2000 Isaacs by-election
| 12 August 2000 |
|  | First party | Second party |
|  |  | DEM |
| Candidate | Ann Corcoran | Haydn Fletcher |
| Party | Labor | Democrats |
| Popular vote | 34,483 | 10,540 |
| Percentage | 56.54% | 17.28% |
| Swing | +8.11 | +11.36 |
| TPP | 66.04% | 33.96% |
| TPP swing | +9.64 | +33.96 |
| MP before election Greg Wilton Labor | Elected MP Ann Corcoran Labor |

= 2000 Isaacs by-election =

Australian federal by-election

The 2000 Isaacs by-election was held in the Australian electorate of Isaacs in Victoria on 12 August 2000. The by-election was triggered by the death of the sitting member, the Australian Labor Party's Greg Wilton on 14 June 2000. The writ for the by-election was issued on 30 June 2000.

==Background==
The Labor Party's member for Isaacs, Greg Wilton, committed suicide on 14 June 2000. Wilton's marriage had broken down earlier in the year, and shortly afterwards Victoria Police arrested Wilton after finding him, clearly distressed, with his children in a car in the You Yangs national park. While Wilton's intentions on the day were unclear, unrestrained media coverage of the incident was considered by his colleagues to have contributed to his eventual suicide six weeks later.
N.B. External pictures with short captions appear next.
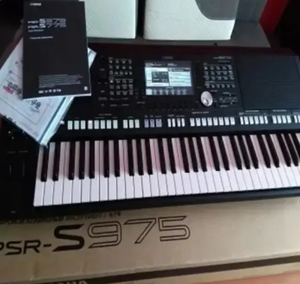 Vente en gros PSR S975 Station de travail pour arrangeur numérique 61 touches Piano mécanique d'occasion avec caractéristiques de style piano à queue Interface MIDI - Product Image 1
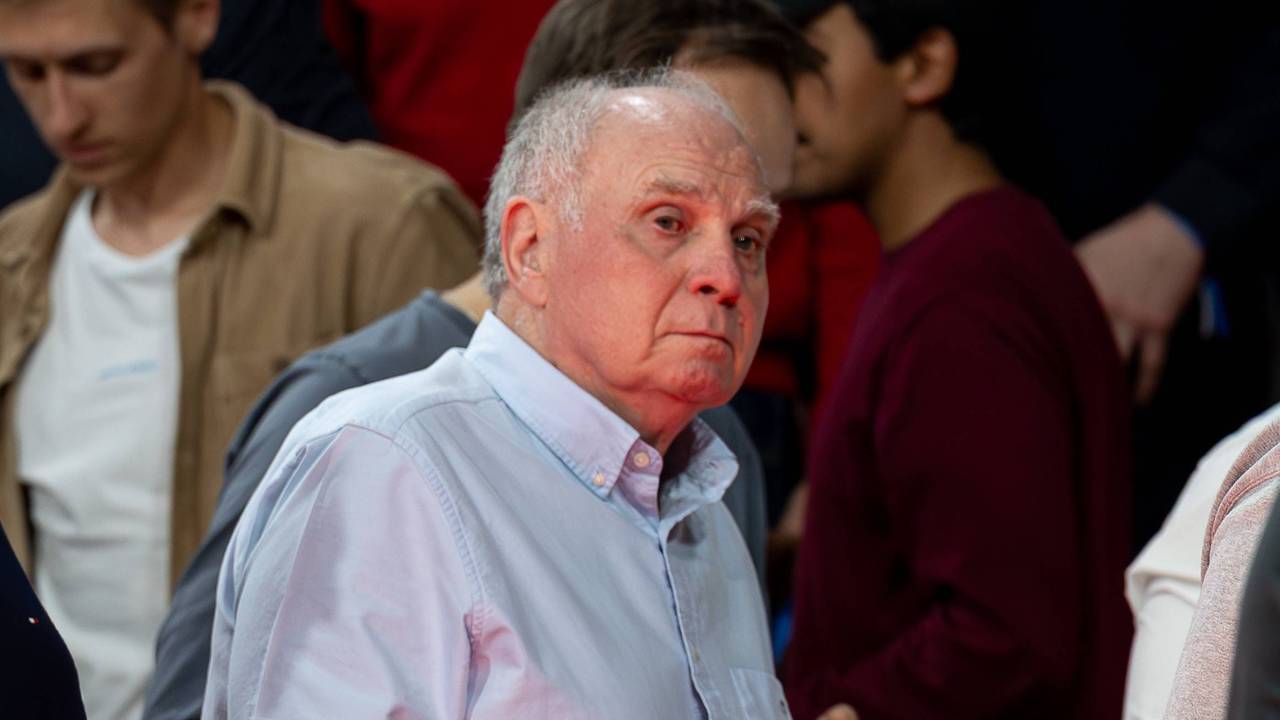 Uli Hoeneß bei einem Spiel der Basketball-Mannschaft des FC Bayern.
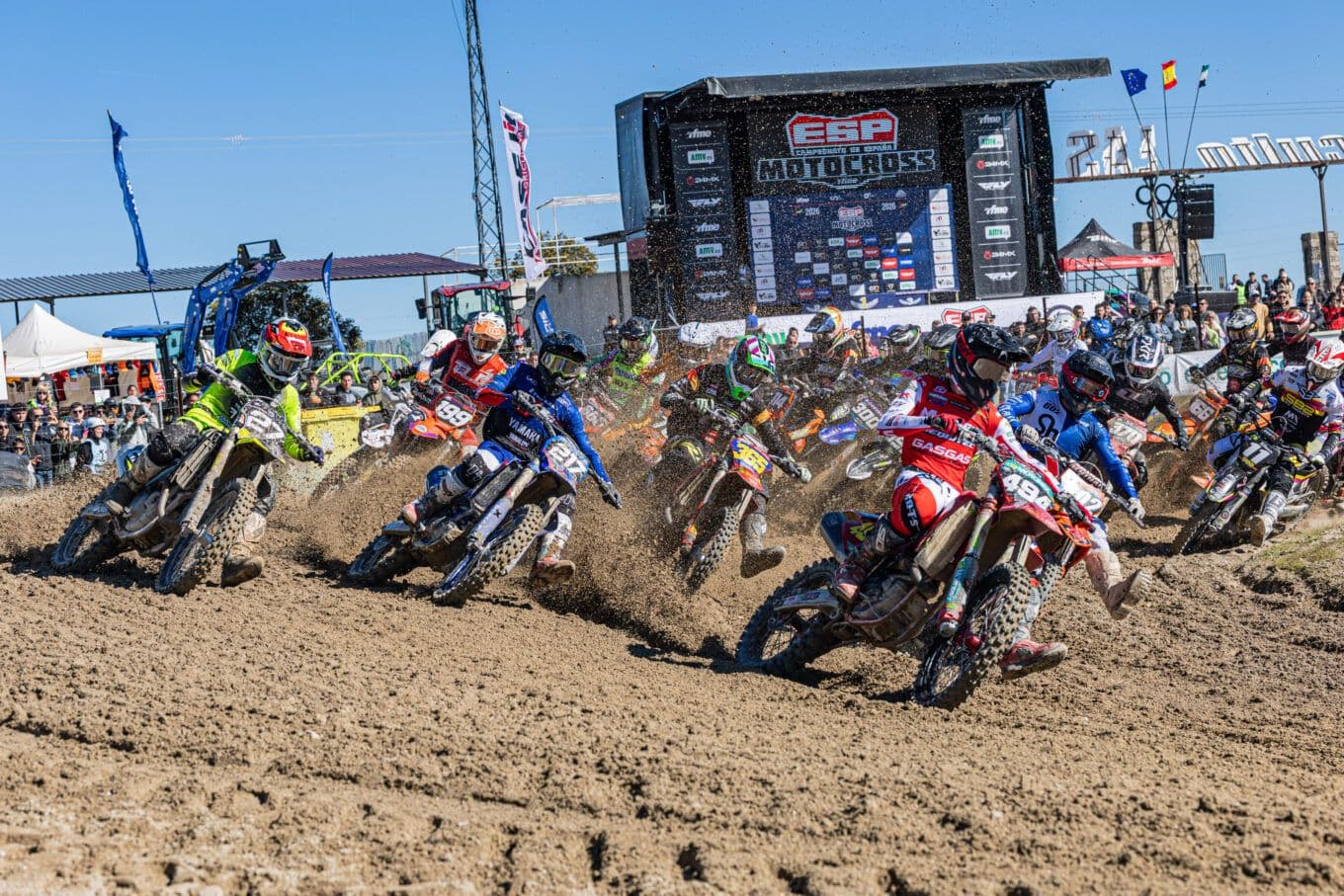 Salida de una manga del Campeonato de España de Motocross en Las Arenas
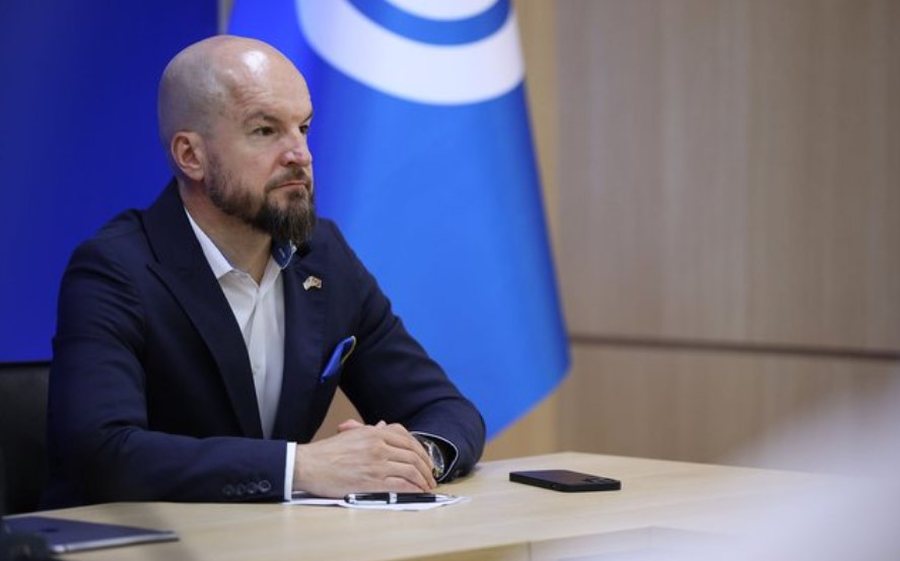 Alfred Lela: Pse PD duhet të kandidojë Fatos Lubonjën për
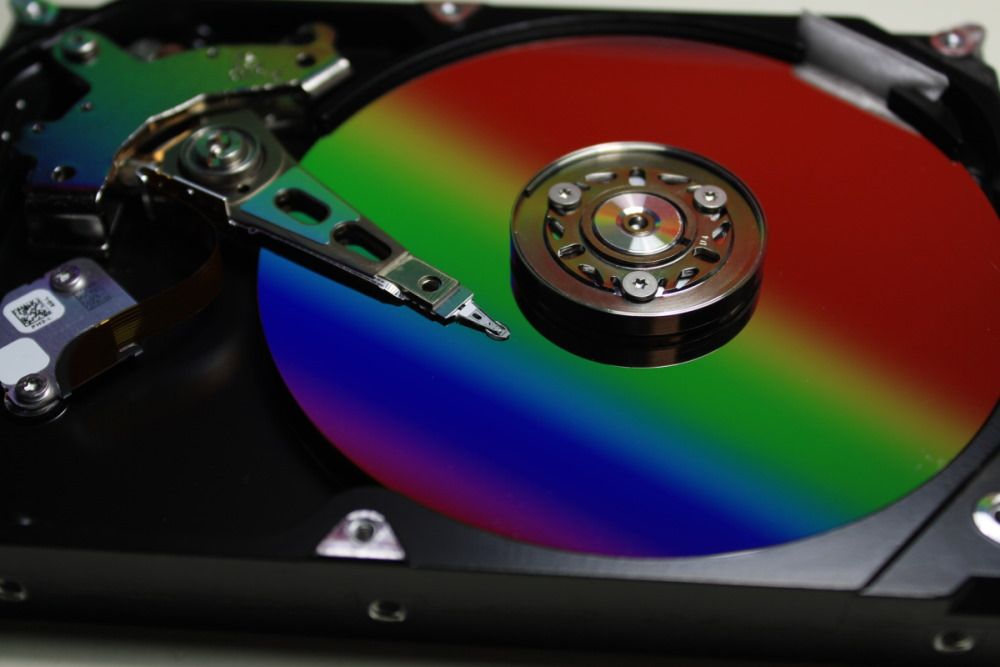 Hard disk drive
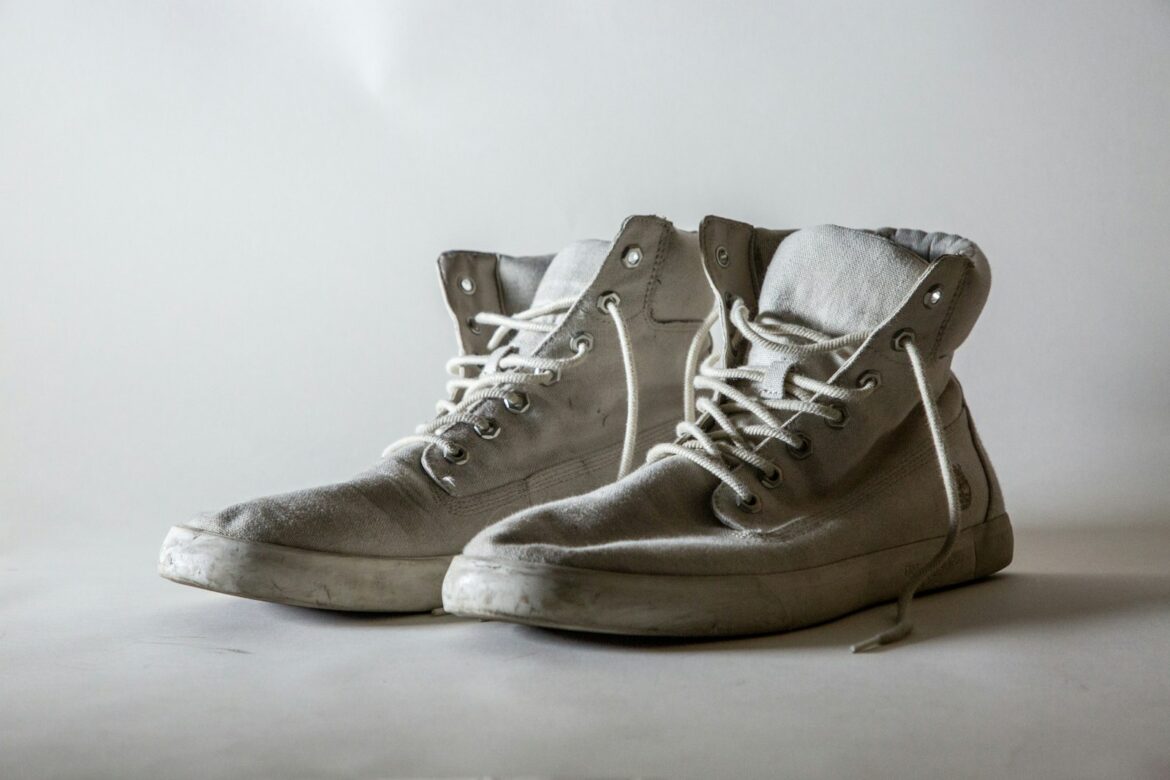 Leren sneakers en schoenen naast elkaar
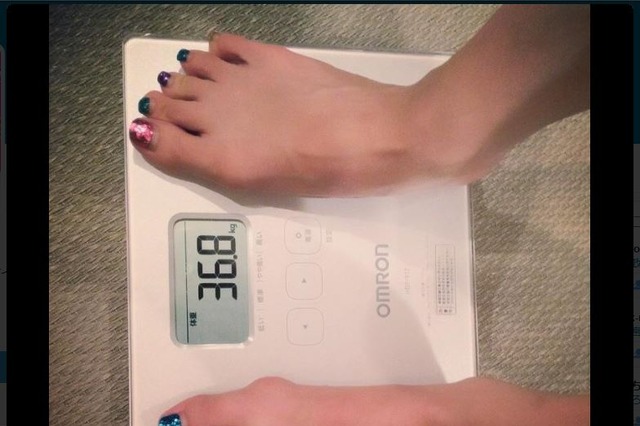 板野友美、体重「36キロ」公表に、ファン驚愕「体調大丈夫??」 画像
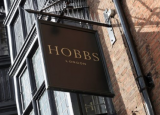 尽管最近关闭了商店 霍布斯仍在计划扩张商店
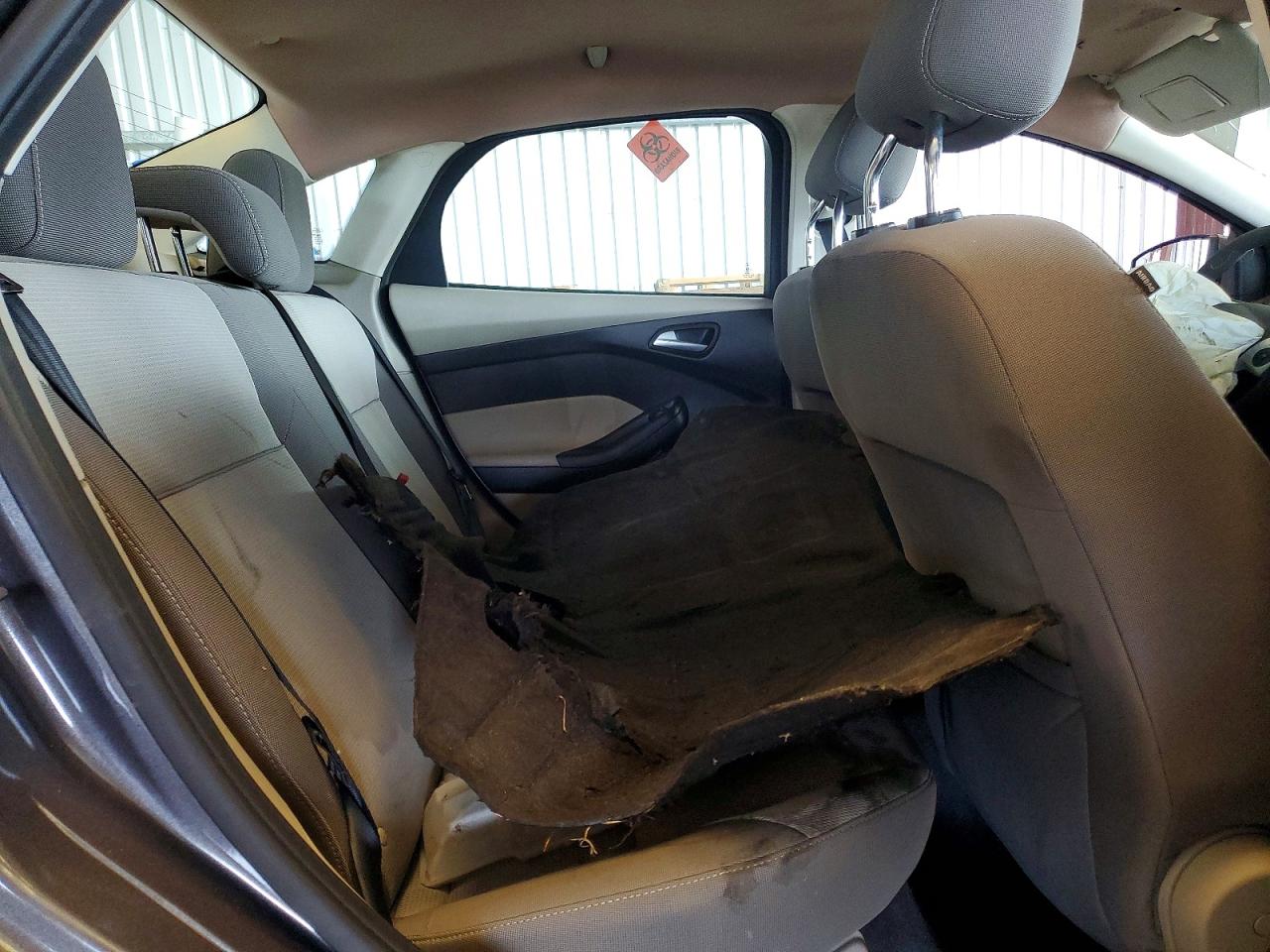 2012 Ford Focus Se Gray vin: 1FAHP3F23CL140111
The Isaacs by-election was the first election in Australia to be held after the introduction of the Goods and Services Tax on 1 July 2000, and the Liberal Party declined to run a candidate. Labor's preselection was a messy battle with the party's left faction proposing to pre-select Jill Hennessy, the former state president of the Labor Party and an advisor to Premier Steve Bracks. They were overridden by the party's federal executive, who put forward Ann Corcoran, although the change resulted in a convoluted factional deal in which pre-selection ballots were altered after their submission.

==Results==

2000 Isaacs by-election
| Party |  | Candidate | Votes | % | ±% |
|  | Labor | Ann Corcoran | 34,483 | 56.54 | +8.11 |
|  | Democrats | Haydn Fletcher | 10,540 | 17.28 | +11.36 |
|  | Greens | Mary Hutchison | 5,539 | 9.08 | +6.94 |
|  | Independent | Carl Wesley | 5,329 | 8.74 | +8.74 |
|  | Australia First | Patricia Brook | 3,270 | 5.36 | +4.92 |
|  | Democratic Labor | Gail King | 1,832 | 3.00 | +3.00 |
| Total formal votes |  |  | 60,993 | 91.84 | −4.55 |
| Informal votes |  |  | 5,420 | 8.16 | +4.55 |
| Turnout |  |  | 66,413 | 81.65 | −14.56 |
Two-candidate-preferred result
|  | Labor | Ann Corcoran | 40,280 | 66.04 | +9.64 |
|  | Democrats | Haydn Fletcher | 20,713 | 33.96 | +33.96 |
|  | Labor hold |  | Swing | N/A |  |

==Aftermath==
The Labor Party held the seat of Isaacs, with a primary vote swing of 8.11 towards them. The lack of a Liberal candidate saw positive primary vote swings towards all the minor parties, in particular the Australian Democrats, the main rival on a two-candidate preferred basis. Ann Corcoran went on to hold the seat in the 2001 and 2004 federal elections, but lost pre-selection prior to the 2007 election.